世界は貧困を食いものにしている

善意で貧困はなくせるのか? - 本と奇妙な煙
上記本は、「そんなにバラ色じゃないよマイクロクレジット、貧困は解決されてないよ」という論調だったけど、この本の著者は、「解決されてないどころか、収奪されてますよ」と糾弾している。内部告発して二回解雇されてるせいか、かなり挑発的なタイトル。

世界は貧困を食いものにしている

世界は貧困を食いものにしている

 

デビッド・コーテンによる序文

[著者]ヒュー・シンクレアが詳細に記しているように、多くのマイクロクレジット・プログラムは、社会的責任投資の機会の名をかりた略奪的な貸し付け詐欺にすぎない。
(略)
[アメリカから]投資されたドルは外国為替市場でルピーに両替され、インドの外貨プールに入る。外国でものを買うために外貨が必要な金持ちが、そのドルを手に入れる。貧しいマイクロローンの借り手はルピーを手に入れる。
 ルピーのマイクロローンにかかる利子はすぐにルピーで村を出て、全国的なマイクロファイナンス機関に流れる。その流出の一部はそのあとドルに両替されて、海外にいるアメリカの投資家に行く。それがインドの外貨準備流出の原因となる。流出額は、シンクレアが記録している金利と利益率からすると、もともと投資された流入ドルの数倍になる。このドル債務を支払うために、インドは海外に販売するものやサービスを生産しなくてはならない。あるいは、資産を外国人に売るか抵当に入れるので、生産高と実物資産に対する将来的な要求がさらに生まれる。
 クレジットによる短期流入と引き換えに、村や国としてのインドは、資産を要求されて長期的流出を余儀なくされる――外国の関係者とその現地共犯者だけが得をする、植民地化と富の集中という古典的なパターンである。
[一方、グラミン銀行場合、融資はおもにバングラデシュの通貨であるタ力の預金による自己資金でまかなわれている。(略)メンバーが経済的な資産基盤を構築できるように、手厚い金利で預金サービスを行っている。(略)
メンバーである預金者と借り手が所有するグラミンは、自身が貢献している地域社会に根差し、説明責任を負っている。地元の生産的取引を支援し、真の地域社会の富を築くために、利益と利子は継続的に地元で再循環している。
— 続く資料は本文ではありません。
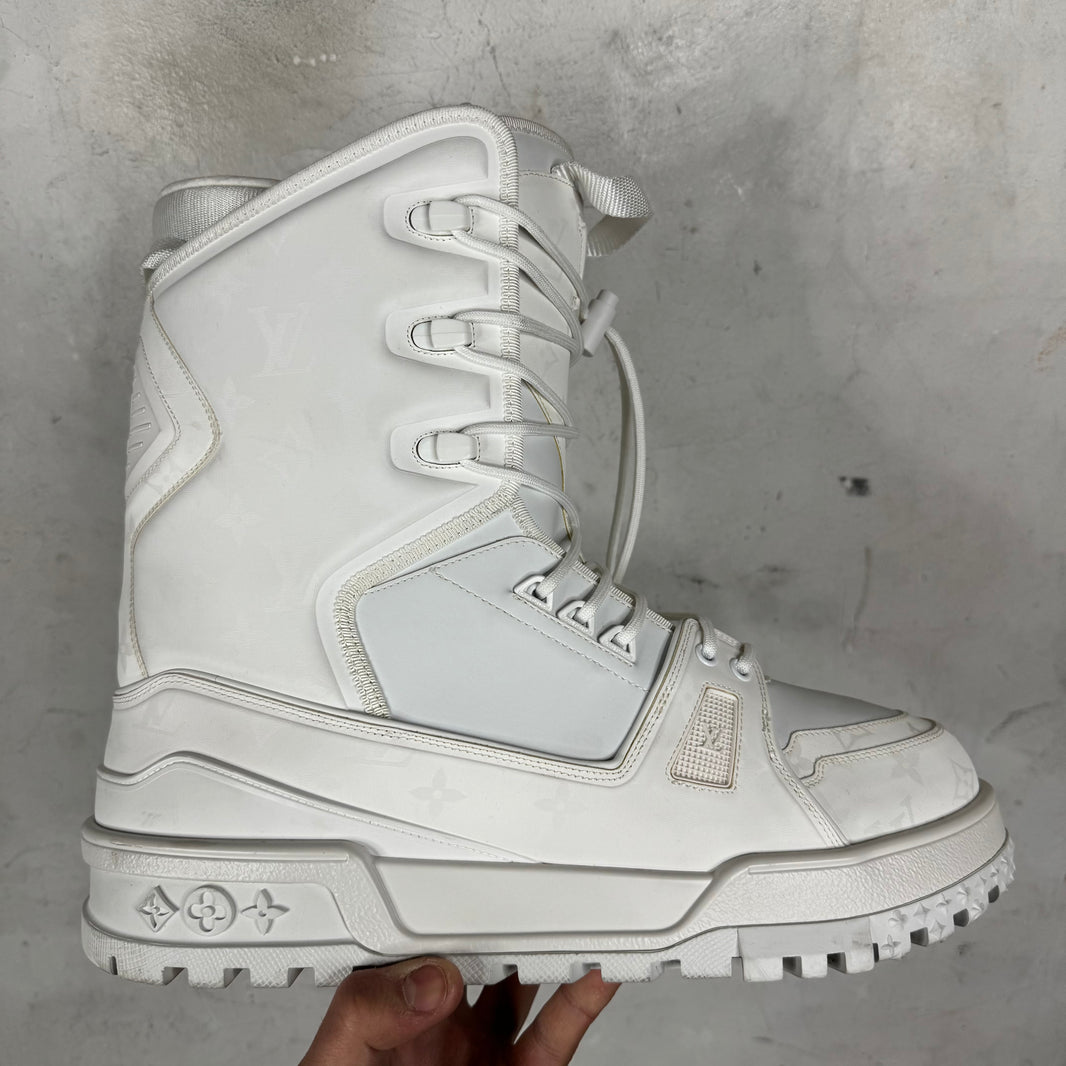 Louis Vuitton Monogram Ski Boots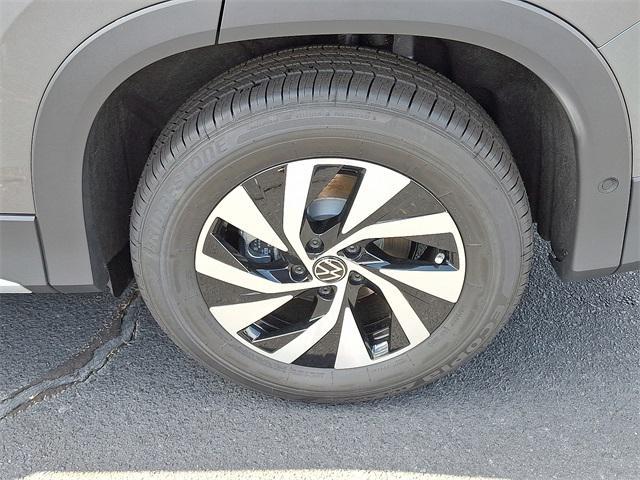 new 2025 Volkswagen Tiguan car, priced at $28,601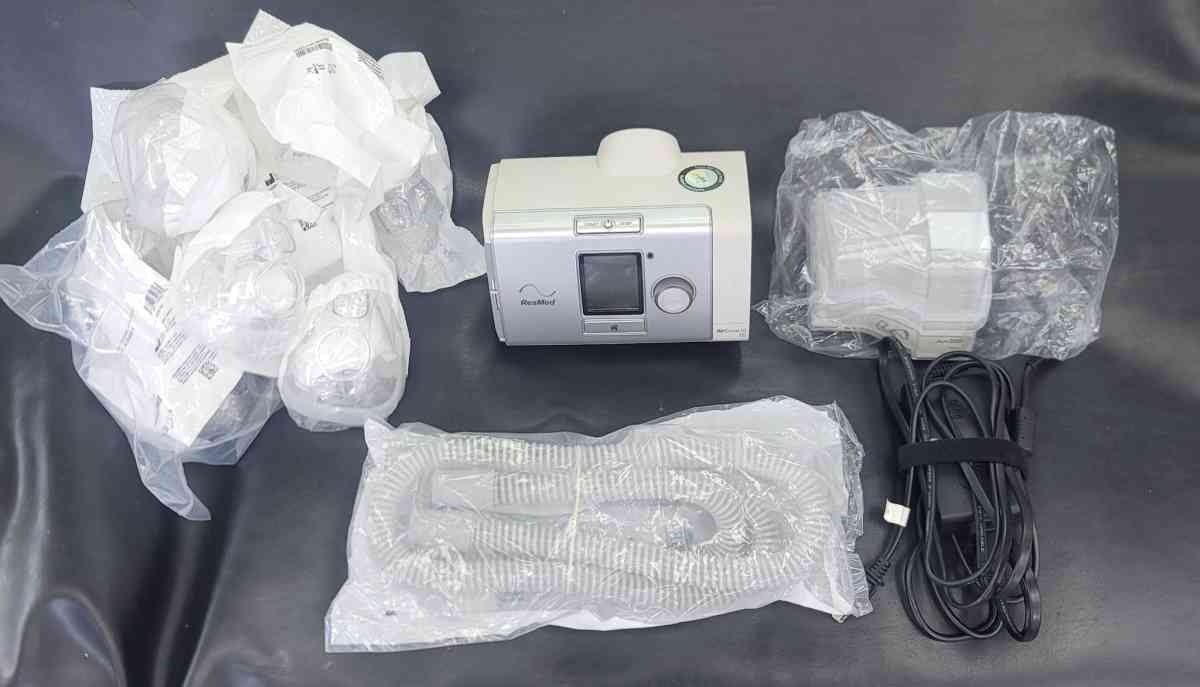 Resmed Airsense 10 machine AirCurve 10 S W Set
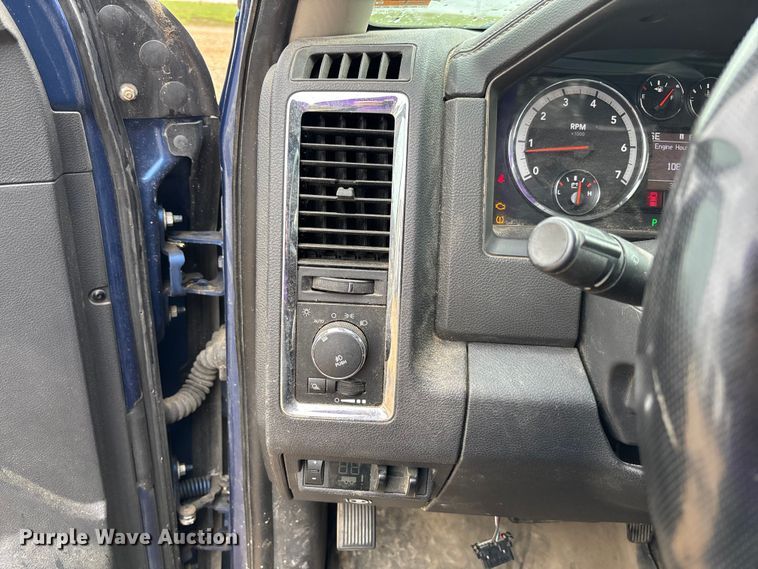 image for item FB3345 2011 Dodge Ram 2500 Crew Cab pickup truck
]

著者による序文

[この十年でマイクロファイナンスは金融部門の隙間分野から700億ドル産業に成長した]
貧困者にとって非常に有益なマイクロファイナンスもあるが、宣伝係があなたに信じ込ませるような特効薬ではない。マイクロファイナンスは暴利をむさぼる人たちに乗っ取られているので、貧困者のために取りもどす必要がある。
(略)
ローンの契約書を読むことができず、署名の代わりに栂印を押す無力な貧しい女性に、涙が出るような金利を請求することによって、一握りの人たちが何千万ドルももうけるのは道義に反する。(略)借金を返済できない延滞顧客を自殺にまで追い詰めるのはちがう。(略)
現在マイクロファイナンス界に投じられているかなりの額の資本を賢く生かせば、貧困に対してもっと大きなインパクトを与えられるだろう。それなのに私たちは、一握りの人たちを富ませるお粗末な代用品で妥協し、大勢の人たちを、恩恵を受けるどころか返済することさえできない借金の奴隷にしている。

新たなゴールドラッシュ

[金融危機を引き起こした]サブプライム低所得者向け)など忘れよう――サブ・サブ・サブ・プライムのほうがはるかにいいし、しかも、[発展途上国には]消費者保護のようなわずらわしいものに目を光らせるうるさい規制当局がほとんどいない。新たなゴールドラッシュが始まった。
(略)
 19世紀初めにインドネシアが植民地だった時代、オランダ人は無秩序に広がる植民地のために金融サービスのシステムを開発した。それが現在のマイクロファイナンスに驚くほどよく似ている。ラヤット・インドネシア銀行(BRI)が正式に設立されたのは1895年で、BRIはいまだに世界最大ではないにしても世界最大級のマイクロファイナンス銀行である。
(略)
 この業界のいちばんの問題は、小口融資を受ける貧困層と、欧米のエアコンの効いたオフィスで業界を動かしている人たちとの、物理的なものにとどまらない距離である。
(略)
 私は彼らの小さい店を訪ねて、市場の動き、対決している競争相手、将来の計画などについておしゃべりするのが楽しかった。しかし、彼らが本当に必要としているのはクレジットなのかと疑問に思いながら帰ることも多かった。ささやかな教育、在庫管理についての助言、計画を現実にする方法に関する戦略的な手助け――そういうもののほうが年利60%の100ドルのローンよりもはるかに有用だが、そのような助けはほとんど得られない。

メキシコのMFI

マイクロファイナンス機関)にボランティアで採用された著者

 運営コストが高くなることもある。給料が大きな要素で、ローン係の給料は微々たる金額だが、経営幹部はたいていかなりの給料を稼ぐ。とくに配当金やストックオプションを与えられないNGOでは高くなる。(略)どういうわけかMFIは車が大好きで、とくに経営幹部のお気に入りは自家用に使われる。反射ガラスでロゴが側面に入っている大型のSUVが好まれる。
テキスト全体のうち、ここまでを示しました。